Supplied information>

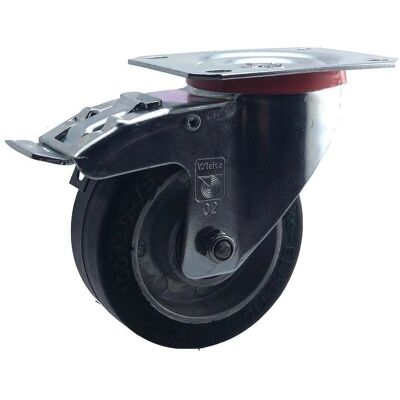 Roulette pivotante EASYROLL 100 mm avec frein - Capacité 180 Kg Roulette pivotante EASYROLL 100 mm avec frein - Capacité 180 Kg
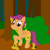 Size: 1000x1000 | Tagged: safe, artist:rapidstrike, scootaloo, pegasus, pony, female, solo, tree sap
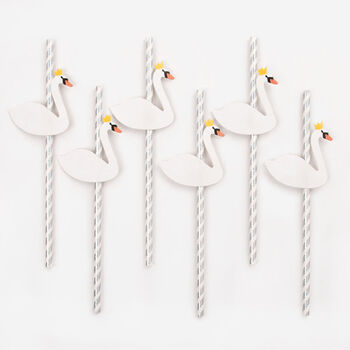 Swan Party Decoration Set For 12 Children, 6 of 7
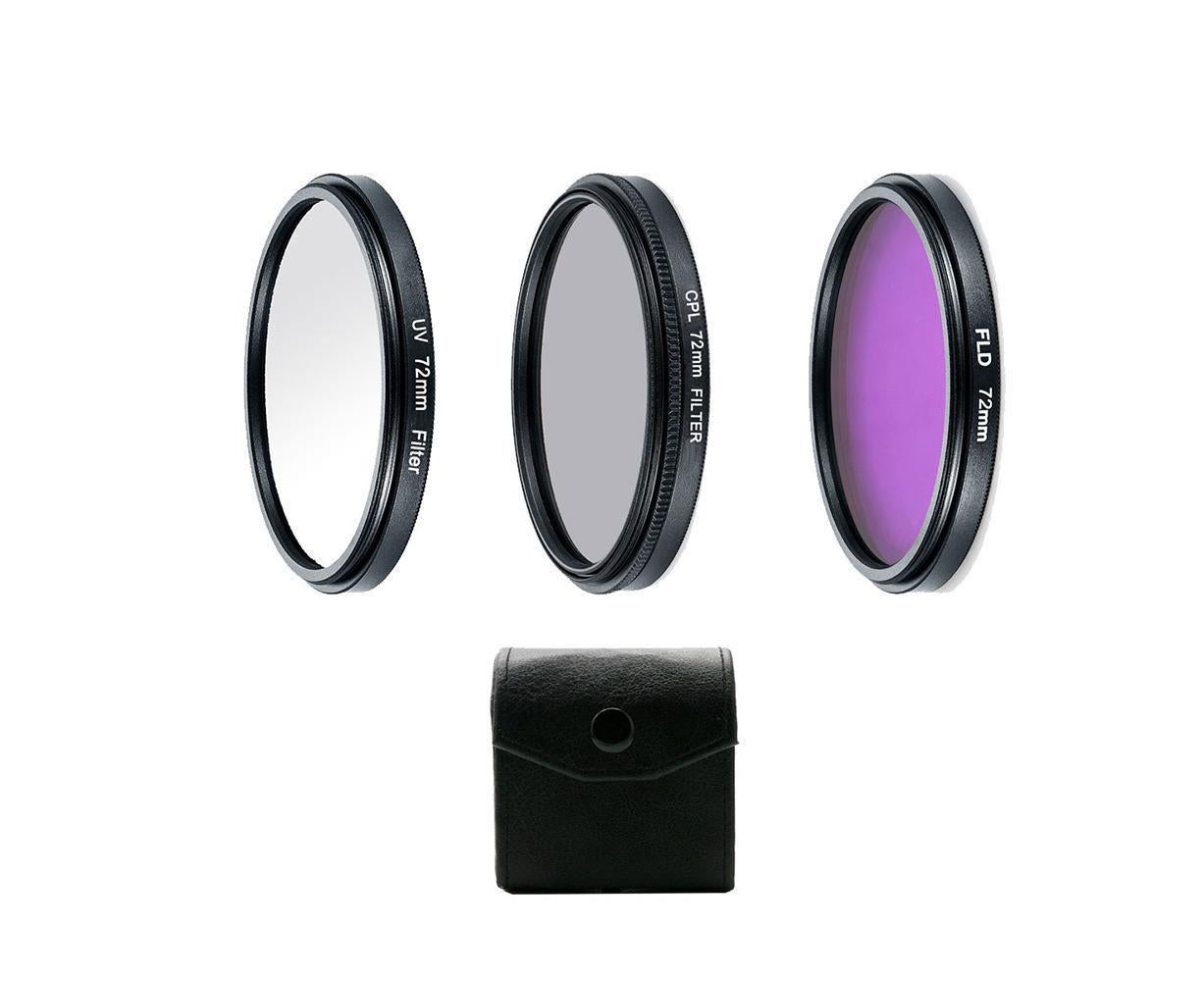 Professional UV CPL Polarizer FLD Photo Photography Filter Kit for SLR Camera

...

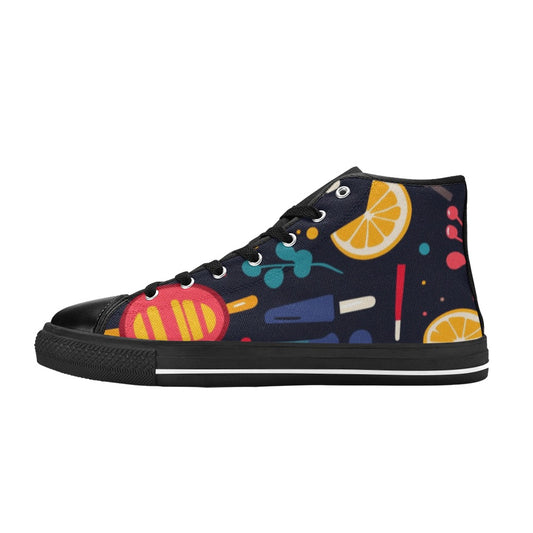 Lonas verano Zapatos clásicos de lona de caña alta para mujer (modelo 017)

Problem description> Write out exactly the run of lines above that starts at the line containing "Swan Party Decoration" and ends at the line containing "Professional UV CPL". Include both, and leave the pictures out.

Response for this exercise>
 Swan Party Decoration Set For 12 Children, 6 of 7
 Professional UV CPL Polarizer FLD Photo Photography Filter Kit for SLR Camera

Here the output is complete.